Finally, the final case of the first scenario is depicted in Fig. 14, in which the damage locations are assumed at 8th, 59th, and 98th elements with the corresponding severities of 67.46%, 59.86%, and 21.38%. Figures 15 and 16 illustrate the corresponding results of the damage detection for the UD and FG-VD plates in the boundary conditions of SSSS, CSSS, CCCC, and CFCF, respectively. The results show that the given damaged state is detected for all cases of the boundary conditions whether the data is influenced by noise or not. Particularly, the DFNN model can exactly recognize the damaged elements of 8th and 59th elements; meanwhile, similarly to the previous case, the element with a low level of damage (98th) is generally recognized but with larger errors than the two remaining elements. Additionally, the damaged elements in the plate with mixed boundary of CFCF are detected with relatively lower accuracies compared to the other boundary conditions whose errors for noise-free and noise-existed data are 2.183×10−4, 1.345×10−3 (UD), and 3.176×10−4, 1.117×10−3 (FG-VD), respectively.

3.4.2 Scenario 2nd

First, the second scenario with only one damage element is shown in Fig. 17, in which a damage of 44.13% is assumed to occur at the 72nd element of the plates. Figures 18 and 19 illustrate detected results of the UD and FG-VD plates in the boundary conditions of SSSS, CSSS, CCCC, and CFCF, respectively. It can be seen that the model detects the given damage state with high accuracy, both for data with and without noise of 5%, in which the largest MSE values are only 5.932×10−5 (UD-SSSS with 5% noise) and 9.554×10−5 (VD-SSSS with 5% noise).

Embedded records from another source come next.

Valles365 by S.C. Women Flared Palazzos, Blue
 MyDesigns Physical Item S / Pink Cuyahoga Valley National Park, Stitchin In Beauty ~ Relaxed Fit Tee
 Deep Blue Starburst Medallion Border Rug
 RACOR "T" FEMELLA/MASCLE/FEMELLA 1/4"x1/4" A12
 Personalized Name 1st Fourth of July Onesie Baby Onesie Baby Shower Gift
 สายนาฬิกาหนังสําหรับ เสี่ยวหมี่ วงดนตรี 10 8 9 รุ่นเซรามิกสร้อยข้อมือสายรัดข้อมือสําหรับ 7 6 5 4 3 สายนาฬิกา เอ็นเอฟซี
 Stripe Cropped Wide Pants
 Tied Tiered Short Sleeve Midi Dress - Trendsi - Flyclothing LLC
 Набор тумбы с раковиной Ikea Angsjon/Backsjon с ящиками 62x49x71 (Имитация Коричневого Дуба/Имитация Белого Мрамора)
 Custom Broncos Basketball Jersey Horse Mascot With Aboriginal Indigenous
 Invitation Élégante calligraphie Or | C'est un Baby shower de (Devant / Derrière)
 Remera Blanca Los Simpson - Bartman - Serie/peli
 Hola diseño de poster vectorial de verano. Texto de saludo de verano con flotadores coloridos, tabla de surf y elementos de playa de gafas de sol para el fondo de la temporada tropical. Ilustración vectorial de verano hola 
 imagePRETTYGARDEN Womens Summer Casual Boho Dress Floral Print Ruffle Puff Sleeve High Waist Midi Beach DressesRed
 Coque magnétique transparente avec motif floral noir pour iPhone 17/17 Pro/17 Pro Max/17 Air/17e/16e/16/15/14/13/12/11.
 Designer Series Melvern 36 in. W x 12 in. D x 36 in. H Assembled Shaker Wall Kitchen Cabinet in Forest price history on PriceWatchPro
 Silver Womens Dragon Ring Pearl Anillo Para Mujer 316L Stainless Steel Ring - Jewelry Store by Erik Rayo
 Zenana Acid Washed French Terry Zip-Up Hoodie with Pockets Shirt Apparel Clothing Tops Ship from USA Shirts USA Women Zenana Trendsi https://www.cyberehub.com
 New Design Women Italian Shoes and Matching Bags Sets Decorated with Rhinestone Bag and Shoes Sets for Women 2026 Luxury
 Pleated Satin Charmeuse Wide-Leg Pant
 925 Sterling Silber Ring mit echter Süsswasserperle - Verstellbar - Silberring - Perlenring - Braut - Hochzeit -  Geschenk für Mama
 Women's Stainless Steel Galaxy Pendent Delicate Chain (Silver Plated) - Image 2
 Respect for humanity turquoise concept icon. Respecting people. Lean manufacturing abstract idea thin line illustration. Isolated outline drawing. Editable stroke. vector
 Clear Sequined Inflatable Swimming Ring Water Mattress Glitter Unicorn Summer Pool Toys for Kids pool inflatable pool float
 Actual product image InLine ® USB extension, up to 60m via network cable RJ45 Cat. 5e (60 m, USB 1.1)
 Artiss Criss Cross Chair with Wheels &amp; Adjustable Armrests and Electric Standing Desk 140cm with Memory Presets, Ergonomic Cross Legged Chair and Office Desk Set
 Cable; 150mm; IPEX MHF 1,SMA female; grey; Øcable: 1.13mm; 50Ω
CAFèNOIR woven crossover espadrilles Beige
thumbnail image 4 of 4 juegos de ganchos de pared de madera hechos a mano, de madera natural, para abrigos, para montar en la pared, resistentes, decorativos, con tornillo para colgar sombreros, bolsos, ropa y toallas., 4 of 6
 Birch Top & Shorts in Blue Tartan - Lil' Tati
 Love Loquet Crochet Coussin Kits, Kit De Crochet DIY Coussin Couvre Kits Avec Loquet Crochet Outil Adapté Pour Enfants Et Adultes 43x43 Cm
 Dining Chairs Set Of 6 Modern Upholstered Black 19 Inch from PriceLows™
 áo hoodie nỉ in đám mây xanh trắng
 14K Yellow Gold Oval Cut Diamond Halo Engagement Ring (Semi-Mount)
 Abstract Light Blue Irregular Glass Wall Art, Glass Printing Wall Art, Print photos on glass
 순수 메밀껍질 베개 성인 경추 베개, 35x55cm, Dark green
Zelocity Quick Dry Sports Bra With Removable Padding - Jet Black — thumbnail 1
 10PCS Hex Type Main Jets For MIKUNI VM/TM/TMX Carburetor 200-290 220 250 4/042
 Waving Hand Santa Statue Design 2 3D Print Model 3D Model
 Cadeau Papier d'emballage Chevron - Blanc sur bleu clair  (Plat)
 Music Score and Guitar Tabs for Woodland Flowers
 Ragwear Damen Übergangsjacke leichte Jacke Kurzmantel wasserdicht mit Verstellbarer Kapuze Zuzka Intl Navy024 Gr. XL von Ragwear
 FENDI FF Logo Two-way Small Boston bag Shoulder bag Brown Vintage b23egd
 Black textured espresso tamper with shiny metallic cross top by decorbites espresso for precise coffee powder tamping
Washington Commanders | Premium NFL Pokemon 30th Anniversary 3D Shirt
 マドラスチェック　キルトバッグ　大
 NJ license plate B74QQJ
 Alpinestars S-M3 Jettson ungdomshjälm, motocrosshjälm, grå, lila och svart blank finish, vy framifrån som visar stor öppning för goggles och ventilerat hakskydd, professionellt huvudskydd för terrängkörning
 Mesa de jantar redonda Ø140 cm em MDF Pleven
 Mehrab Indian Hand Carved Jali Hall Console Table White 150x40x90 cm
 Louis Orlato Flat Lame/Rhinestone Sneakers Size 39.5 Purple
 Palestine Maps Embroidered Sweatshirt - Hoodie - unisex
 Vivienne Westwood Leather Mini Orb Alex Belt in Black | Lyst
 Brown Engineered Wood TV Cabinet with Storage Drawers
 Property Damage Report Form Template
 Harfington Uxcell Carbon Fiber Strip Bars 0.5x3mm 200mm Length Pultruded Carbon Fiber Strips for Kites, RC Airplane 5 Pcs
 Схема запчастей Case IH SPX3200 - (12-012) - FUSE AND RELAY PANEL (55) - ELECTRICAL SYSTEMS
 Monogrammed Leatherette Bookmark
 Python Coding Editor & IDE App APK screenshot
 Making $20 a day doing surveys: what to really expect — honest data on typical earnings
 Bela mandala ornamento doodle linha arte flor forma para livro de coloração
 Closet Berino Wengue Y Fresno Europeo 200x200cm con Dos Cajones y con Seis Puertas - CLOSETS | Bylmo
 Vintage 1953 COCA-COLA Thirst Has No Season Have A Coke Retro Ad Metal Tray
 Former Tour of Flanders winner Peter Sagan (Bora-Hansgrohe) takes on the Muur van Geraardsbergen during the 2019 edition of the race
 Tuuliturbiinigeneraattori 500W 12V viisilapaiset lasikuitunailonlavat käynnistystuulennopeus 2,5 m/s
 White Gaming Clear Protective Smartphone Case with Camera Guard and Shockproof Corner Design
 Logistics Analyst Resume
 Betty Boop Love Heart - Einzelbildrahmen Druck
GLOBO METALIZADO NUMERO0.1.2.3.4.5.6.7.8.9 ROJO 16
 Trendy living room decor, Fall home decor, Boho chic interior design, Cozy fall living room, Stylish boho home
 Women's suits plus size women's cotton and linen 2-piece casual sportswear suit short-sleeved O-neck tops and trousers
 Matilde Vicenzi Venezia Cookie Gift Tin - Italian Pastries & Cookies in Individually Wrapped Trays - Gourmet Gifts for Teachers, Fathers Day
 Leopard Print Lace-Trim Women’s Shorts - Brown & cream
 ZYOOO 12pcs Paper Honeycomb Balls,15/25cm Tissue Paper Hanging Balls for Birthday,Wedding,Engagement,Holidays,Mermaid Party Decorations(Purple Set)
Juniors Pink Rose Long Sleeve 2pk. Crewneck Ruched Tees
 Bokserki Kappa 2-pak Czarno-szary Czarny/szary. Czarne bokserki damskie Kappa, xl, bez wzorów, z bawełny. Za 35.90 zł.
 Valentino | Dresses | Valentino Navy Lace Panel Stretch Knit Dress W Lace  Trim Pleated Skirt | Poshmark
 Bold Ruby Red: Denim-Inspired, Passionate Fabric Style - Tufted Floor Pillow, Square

Next, Fig. 20 graphically indicates the second case of the second scenario in which two damage occurrences of 30.96% and 48.44% are assumed to occur at the 21st and 85th elements, respectively. Figures 21 and 22 illustrate detected results of the UD and FG-VD plates in the boundary conditions of SSSS, CSSS, CCCC, and CFCF, respectively. The figures show that two damage elements of the given scenario are distinctly detected by the DFNN model for all cases of the boundary conditions regardless of the effects of noise on the data, in which all the stiffness degradation factors (α ) of the healthy elements are very close to zero. Generally, in this scenario although relatively large errors arise in the detections with 5% noise-affected data of the 85th element (for FG-VD plate with CCCC boundary condition) and 21st element (for UD plate with CFCF boundary condition), the predictions still show justifiable accuracies.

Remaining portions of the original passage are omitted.